Spazio e istinto fisico
L'architetto cerca per mezzo dello spazio di suscitare un determinato stato d'animo in coloro che “entrano” in esso.
Qual è il suo metodo? Ancora una volta egli si appella al movimento. Lo spazio, di fatto, è libertà di movimento: è questo il valore che esso ha per noi e come tale esso rientra nella sfera della nostra coscienza fisica. Ci adattiamo istintivamente agli spazi nei quali stiamo, ci proiettiamo in essi, li empiamo idealmente con i nostri movimenti.

Prendiamo il più semplice degli esempi. Quando entriamo dal fondo di una navata e ci troviamo davanti una lunga prospettiva di colonne, cominciamo, quasi per impulso, a camminare in avanti, perché così richiede il carattere di quello spazio. Anche se stiamo fermi, l’occhio è tratto a percorrere la prospettiva, e noi, in immaginazione, lo seguiamo.

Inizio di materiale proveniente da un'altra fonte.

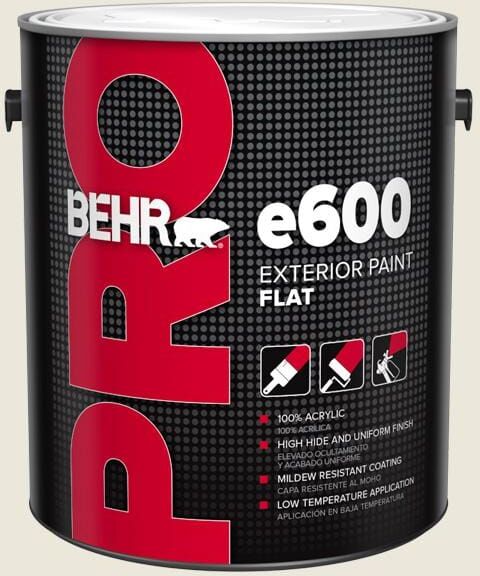 BEHR PRO 1 gal. #BXC-32 Picket Fence White Flat Paint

Lo spazio ci ha suggerito un movimento: una volta che questa suggestione si è fatta sentire, tutto ciò che si accorda con essa parrà aiutarci, e tutto ciò che l’ostacola parrà inopportuno e brutto. Esigeremo, inoltre, qualche cosa che chiuda e soddisfi il movimento – una finestra, per esempio, o un altare – e un muro liscio, che sarebbe una terminazione inoffensiva se si trattasse di uno spazio simmetrico, diventa brutto alla fine di un asse enfatico com’è quello della fila di colonne, semplicemente perché un movimento senza motivo, e che non porta a un punto culminante, contraddice i nostri impulsi fisici: non è umanizzato.